Former Australian government department

The Department of Industrial Relations (also called DIR) was an Australian government department that existed between December 1978 and May 1982.

==History==
The department was established in 1978 by the Fraser government, splitting the former Department of Employment and Industrial Relations into two, reasoning that the two areas were expanding and should thus fall under separate portfolios.

==Scope==
Information about the department's functions and government funding allocation could be found in the Administrative Arrangements Orders, the annual Portfolio Budget Statements and in the Department's annual reports.

At its creation, the Department was responsible for the following:
- industry-orientated industrial relations
- national industrial relations - legislation and machinery
- national industrial relations policies - wages and working conditions
- industrial relations information and liaison
- economic and international aspects of industrial relations
- Industrial registries

==Structure==
The Department was an Australian Public Service department, staffed by officials who were responsible to the Minister for Industrial Relations.

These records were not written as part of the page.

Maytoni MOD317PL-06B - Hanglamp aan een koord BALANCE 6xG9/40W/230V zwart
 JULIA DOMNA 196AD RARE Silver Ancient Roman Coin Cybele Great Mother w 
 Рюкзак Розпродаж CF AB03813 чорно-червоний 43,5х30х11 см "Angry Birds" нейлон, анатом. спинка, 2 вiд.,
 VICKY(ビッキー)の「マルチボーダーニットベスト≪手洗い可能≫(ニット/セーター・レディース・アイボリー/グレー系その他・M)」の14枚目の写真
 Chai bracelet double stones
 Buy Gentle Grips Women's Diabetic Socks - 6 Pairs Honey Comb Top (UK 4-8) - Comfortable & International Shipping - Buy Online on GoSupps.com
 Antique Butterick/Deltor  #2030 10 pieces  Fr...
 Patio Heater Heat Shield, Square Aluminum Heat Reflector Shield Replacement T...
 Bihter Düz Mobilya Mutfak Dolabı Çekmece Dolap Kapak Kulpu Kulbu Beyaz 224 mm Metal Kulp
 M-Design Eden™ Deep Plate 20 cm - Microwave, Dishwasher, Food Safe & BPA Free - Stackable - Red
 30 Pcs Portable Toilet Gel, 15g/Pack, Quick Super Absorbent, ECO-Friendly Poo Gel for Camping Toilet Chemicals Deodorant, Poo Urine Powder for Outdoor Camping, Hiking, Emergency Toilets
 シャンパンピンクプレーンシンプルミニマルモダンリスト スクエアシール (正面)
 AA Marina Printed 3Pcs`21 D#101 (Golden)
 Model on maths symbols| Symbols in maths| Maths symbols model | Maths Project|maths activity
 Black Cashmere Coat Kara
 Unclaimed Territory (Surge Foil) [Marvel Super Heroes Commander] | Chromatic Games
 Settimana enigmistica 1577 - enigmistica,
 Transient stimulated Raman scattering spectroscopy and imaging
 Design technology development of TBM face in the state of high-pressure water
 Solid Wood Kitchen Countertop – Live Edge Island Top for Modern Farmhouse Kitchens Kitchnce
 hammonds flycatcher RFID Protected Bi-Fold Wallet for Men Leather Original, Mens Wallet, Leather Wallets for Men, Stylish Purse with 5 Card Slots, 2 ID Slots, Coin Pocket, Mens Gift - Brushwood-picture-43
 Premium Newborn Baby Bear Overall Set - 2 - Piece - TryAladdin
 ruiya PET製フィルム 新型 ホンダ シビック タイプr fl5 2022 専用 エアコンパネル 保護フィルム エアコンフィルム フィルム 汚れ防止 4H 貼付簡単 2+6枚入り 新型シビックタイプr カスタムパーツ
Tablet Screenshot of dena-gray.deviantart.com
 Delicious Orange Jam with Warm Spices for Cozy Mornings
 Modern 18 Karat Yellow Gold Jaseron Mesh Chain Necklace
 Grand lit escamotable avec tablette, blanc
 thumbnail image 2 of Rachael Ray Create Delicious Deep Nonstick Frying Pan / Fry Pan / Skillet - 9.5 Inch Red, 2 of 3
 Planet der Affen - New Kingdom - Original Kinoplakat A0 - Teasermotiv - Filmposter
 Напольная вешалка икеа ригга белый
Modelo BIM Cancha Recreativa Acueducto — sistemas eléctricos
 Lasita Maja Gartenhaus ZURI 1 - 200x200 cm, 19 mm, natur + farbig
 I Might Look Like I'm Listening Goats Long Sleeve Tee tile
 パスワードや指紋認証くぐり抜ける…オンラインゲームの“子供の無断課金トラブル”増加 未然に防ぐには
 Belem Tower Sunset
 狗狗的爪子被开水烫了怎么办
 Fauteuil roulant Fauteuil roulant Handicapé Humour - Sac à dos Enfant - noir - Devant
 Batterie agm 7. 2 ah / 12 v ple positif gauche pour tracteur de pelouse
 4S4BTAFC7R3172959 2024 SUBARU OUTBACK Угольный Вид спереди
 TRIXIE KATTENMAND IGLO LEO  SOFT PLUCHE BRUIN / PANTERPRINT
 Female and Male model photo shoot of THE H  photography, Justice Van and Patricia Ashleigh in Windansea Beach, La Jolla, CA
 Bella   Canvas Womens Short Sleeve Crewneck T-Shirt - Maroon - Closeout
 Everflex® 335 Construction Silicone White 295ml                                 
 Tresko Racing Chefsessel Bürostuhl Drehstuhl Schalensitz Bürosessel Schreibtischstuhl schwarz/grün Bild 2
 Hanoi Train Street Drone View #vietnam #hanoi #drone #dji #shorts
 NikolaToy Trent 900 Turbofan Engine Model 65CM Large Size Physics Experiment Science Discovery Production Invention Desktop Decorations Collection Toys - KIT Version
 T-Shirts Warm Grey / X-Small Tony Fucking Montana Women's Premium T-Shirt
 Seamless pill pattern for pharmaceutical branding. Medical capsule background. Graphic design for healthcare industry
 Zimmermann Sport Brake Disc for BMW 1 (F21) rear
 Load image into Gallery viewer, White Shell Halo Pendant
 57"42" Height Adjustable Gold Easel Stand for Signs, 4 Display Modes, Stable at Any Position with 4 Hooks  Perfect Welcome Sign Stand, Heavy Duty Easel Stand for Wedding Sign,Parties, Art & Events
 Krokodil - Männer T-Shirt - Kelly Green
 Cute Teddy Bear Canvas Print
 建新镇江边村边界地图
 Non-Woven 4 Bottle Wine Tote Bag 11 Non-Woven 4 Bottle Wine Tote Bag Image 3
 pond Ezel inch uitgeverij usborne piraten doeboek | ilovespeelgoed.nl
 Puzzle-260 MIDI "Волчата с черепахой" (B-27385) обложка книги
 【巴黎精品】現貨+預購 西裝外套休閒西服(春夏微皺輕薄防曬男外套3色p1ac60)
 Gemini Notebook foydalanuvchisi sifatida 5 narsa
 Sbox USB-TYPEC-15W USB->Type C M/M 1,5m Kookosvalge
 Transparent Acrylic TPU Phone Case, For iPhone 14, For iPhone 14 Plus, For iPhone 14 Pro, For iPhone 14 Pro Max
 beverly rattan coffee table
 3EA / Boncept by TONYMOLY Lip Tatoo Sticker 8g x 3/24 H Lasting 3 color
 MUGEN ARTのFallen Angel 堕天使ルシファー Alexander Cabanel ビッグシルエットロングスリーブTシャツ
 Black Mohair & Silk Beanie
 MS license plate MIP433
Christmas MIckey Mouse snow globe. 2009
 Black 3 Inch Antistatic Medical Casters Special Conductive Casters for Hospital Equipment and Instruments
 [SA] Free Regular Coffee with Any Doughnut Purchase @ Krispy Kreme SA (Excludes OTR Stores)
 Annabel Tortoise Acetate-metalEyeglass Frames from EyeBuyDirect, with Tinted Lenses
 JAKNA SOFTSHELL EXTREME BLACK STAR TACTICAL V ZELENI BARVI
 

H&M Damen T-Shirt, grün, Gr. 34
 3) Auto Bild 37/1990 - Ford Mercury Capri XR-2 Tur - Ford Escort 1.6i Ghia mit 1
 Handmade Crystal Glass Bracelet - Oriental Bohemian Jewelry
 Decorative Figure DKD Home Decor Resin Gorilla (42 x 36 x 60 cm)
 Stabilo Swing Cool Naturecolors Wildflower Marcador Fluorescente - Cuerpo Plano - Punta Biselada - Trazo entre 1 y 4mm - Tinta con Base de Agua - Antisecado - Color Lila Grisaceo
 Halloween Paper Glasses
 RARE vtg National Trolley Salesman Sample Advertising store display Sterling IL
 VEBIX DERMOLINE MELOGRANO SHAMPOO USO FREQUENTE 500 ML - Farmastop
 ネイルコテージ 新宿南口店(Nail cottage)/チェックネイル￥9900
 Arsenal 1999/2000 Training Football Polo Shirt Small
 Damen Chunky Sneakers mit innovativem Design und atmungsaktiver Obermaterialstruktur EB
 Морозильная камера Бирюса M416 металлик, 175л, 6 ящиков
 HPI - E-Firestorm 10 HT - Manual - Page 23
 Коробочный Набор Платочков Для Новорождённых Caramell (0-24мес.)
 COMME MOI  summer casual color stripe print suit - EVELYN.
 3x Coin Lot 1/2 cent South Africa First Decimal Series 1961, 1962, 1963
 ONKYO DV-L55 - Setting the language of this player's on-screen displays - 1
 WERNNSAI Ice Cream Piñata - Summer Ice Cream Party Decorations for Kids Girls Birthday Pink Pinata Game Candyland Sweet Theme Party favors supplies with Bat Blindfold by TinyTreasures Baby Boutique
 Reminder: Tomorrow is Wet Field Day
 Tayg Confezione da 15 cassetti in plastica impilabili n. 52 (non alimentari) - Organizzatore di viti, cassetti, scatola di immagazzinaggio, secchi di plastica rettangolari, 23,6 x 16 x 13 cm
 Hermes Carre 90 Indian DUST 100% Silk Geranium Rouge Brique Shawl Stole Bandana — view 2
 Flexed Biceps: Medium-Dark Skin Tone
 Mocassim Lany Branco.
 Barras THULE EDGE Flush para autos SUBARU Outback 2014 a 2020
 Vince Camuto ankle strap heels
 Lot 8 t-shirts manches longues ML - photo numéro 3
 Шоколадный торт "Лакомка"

The department was dependent on the Department of Employment and Youth Affairs for administrative services and accounting functions.

The Secretary of the Department was Mick Keogh between 1978 and 1981. In December 1981, Mike Codd was appointed Acting Secretary. Codd's position was made permanent in 1982, around the same time the department was abolished and the new Department of Employment and Industrial Relations was established.